Given material:
========================================================================

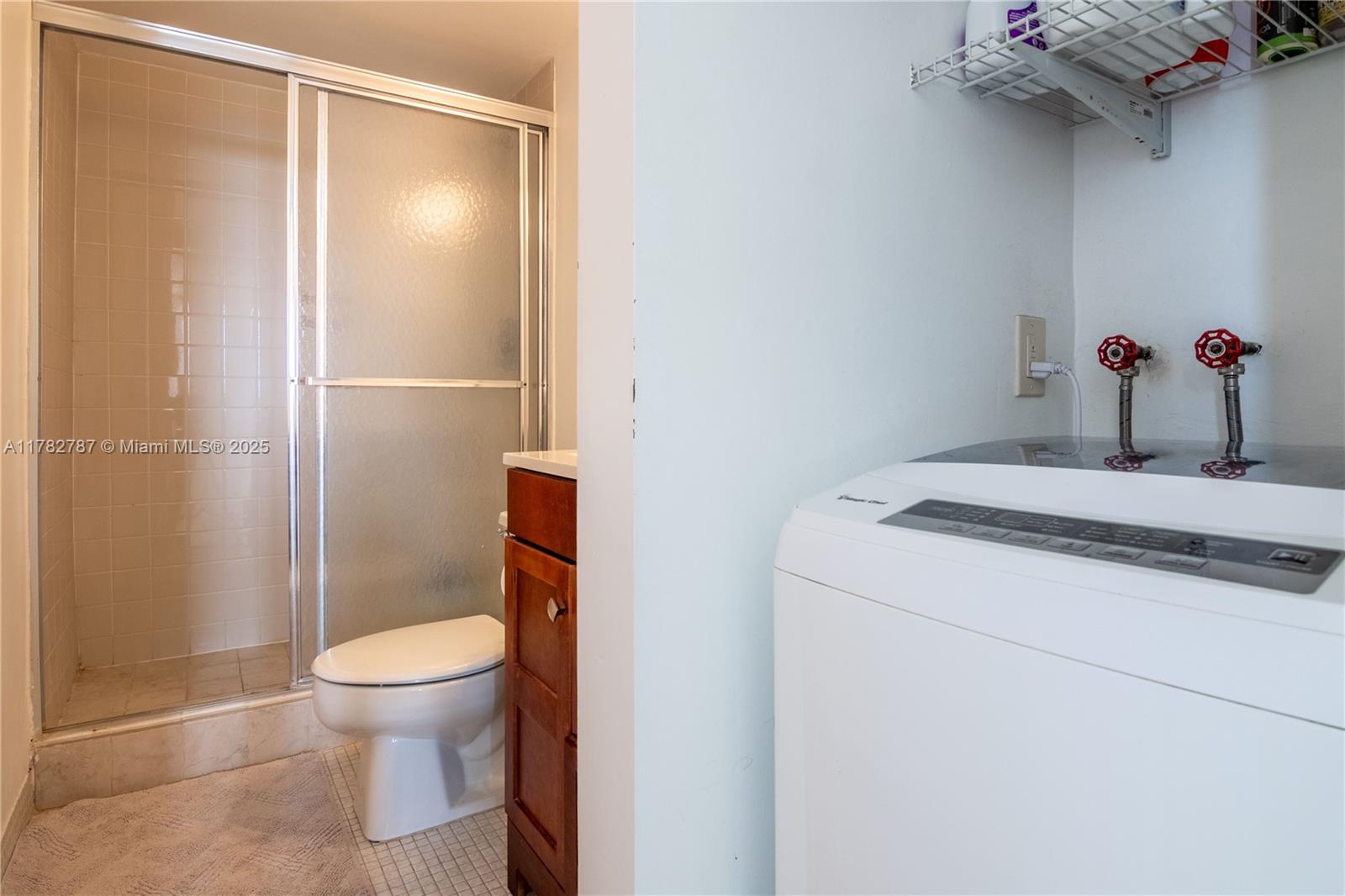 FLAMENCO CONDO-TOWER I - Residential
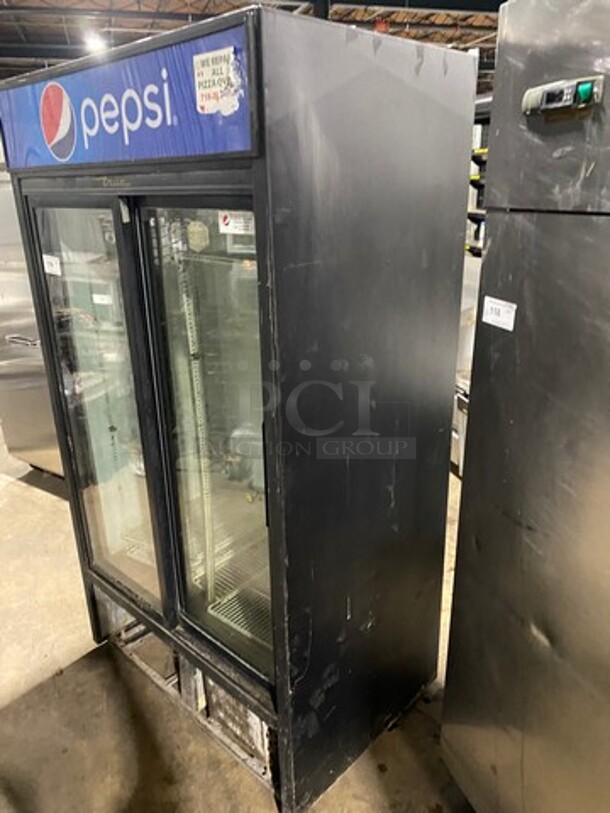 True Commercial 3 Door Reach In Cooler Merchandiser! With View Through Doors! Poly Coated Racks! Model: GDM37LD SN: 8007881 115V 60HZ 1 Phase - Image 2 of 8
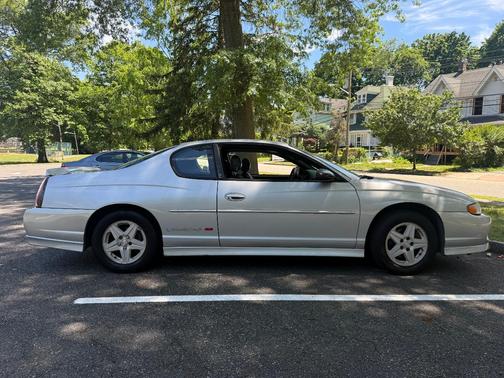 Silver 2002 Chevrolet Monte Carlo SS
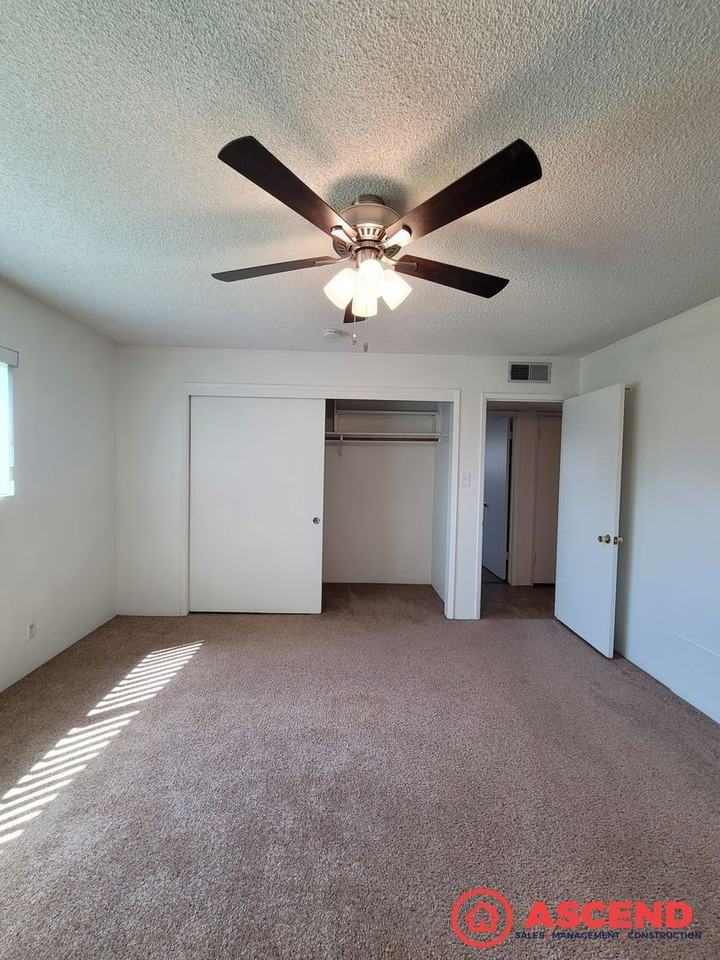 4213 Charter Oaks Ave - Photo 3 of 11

========================================================================

Work task: From the first line to the last, output the data exactly, without the pictures.

Result of this exercise:
 FLAMENCO CONDO-TOWER I - Residential
 True Commercial 3 Door Reach In Cooler Merchandiser! With View Through Doors! Poly Coated Racks! Model: GDM37LD SN: 8007881 115V 60HZ 1 Phase - Image 2 of 8
 Silver 2002 Chevrolet Monte Carlo SS
 4213 Charter Oaks Ave - Photo 3 of 11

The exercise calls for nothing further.